America also seemed pretty united. There was a run on American flags, an abundance of donated blood. There was an ugly, violent undercurrent of Islamophobia, but there were also moments of catharsis. Ten days after the attacks, Bruce Springsteen kicked off the first of three major televised post-9/11 concerts, debuting a song he'd originally written for Asbury Park, "My City of Ruins." It became the anchor for his 9/11 album The Rising — inspired, Springsteen says, by a drive he took to the Jersey Shore soon after the terrorist attacks where, as he was driving off, a fan yelled from his own car, "We need you now."
Maybe that moment of togetherness, of promise, was never going to be more than a temporary calm amid turbulent partisan waters. Or maybe, through that togetherness, America could have collectively dealt with its grief and loss.
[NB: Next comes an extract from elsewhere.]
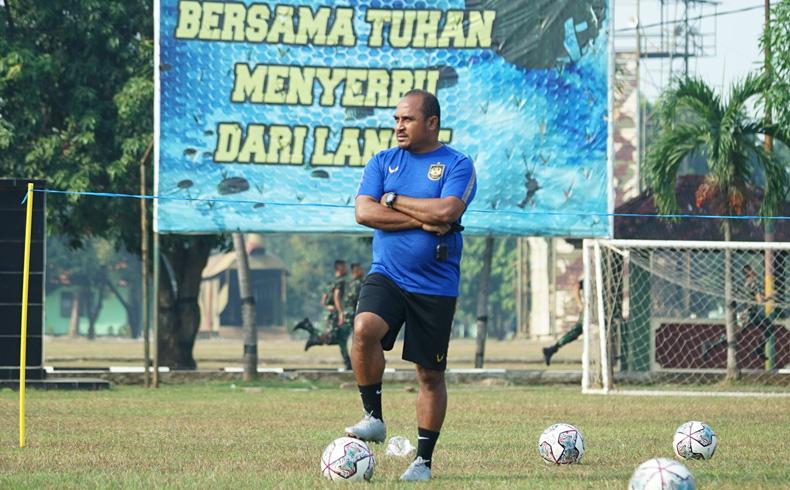 title Tim Pelatih PSIS Analisis Kelemahan Madura United, Imran: Pelatihnya kan Mentor Saya Tim Pelatih PSIS Analisis Kelemahan Madura United, Imran: Pelatihnya kan Mentor Saya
What we did instead was invade Iraq, a betrayal of trust and pain that seems to have shut the book on that too-brief moment of possible recovery.
So here we are, 15 years after 9/11. Americans have a reputation for trying to present optimism and outward prosperity, putting our best foot forward. And outwardly, America is back, or at least on the mend — low unemployment, high stock market, wages that are finally creeping upward, a popular president, dropping violent crime rates. Yes, we've gone on living our lives. But a sizable chunk of the country is in a sour mood. Our politics are unusually disheartening. We're staring down generational conflicts we've long swept under the rug. Public discourse seems to be dominated by coarse trolls. There's still a hole in the American heart.
Or at least there's still a hole in mine.
As I prepare for my annual quiet ceremony of gratitude for being alive, of mourning for those who aren't, I can no longer remember the horrible smell that permeated New York City for those 90 awful days when the crumbled towers burned. My memories of the day itself are slowly fading into time. But I think the body remembers. America remembers. I think I lost something that day, and I don't believe I am alone.